VNC Server

David M.Siegel dsiegel at mindspring.com
Mon Apr 17 19:24:59 UTC 2000



Lex Spoon wrote:

> It would be much better to display some "waiting" graphics while waiting
> for the data to download, all errors aside.  But now the calling code
> is explicitly aware of the fact that a message send is really just a
> send/receive pair in disguise.  Did we gain enough from disguising it,
> that it is worth this kind of coding?  I dunno.

You're explicitly giving the developer the mechanism to defer receiving
a result as long as possible.

This is far from transparency, but seems to have some value.

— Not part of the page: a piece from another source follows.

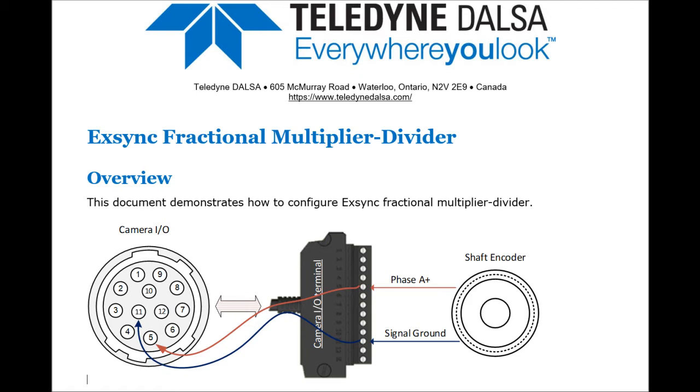Hi, my name is Jake Liu. I am a senior application engineer at Teledyne Dalsa. I am going to introduce the X-Sync Fractional Multiplier Divider in this video.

> > > As a small detail, it also doesn't let you do "x zap" and get a promise
> > > cascaded on the original....
>
> You actually can send zap immediately.  The distributed object system I
> put together would let you do this, for example.  All you have to
> do is have the remote side remember which promises it has
> fulfilled for a little while.

I'm sorry that I didn't make this explicit in my previous message.
I was careful to state that the application message "zap" couldn't
be sent.  The framework could certainly preposition the message
at the best site for execution, but would have to defer executing
the message "zap" at that site until "x"'s value had been
determined, or determined not to exist.

> In fact, many otherwise expensive operations can be executed very
> quickly by cascading messages like this--the messages end up being
> pipelined over the network connection.  "x a b c d e f" ends up sending
> a, b, c, d, e, and f back to back over the network.  Eventually, the
> remote side will send back all six answers back to back.  With
> synchronization, the #b doesn't get sent until #a's answer comes back,
> and so on.
>
> So the ideal scheme for working with promises, it seems to me, is to
> simply have points where the user can explicitly synchronize the
> value.  Then, a good programmer just inserts the checks at appropriate
> critical points, and otherwise lets the system run at maximum efficieny.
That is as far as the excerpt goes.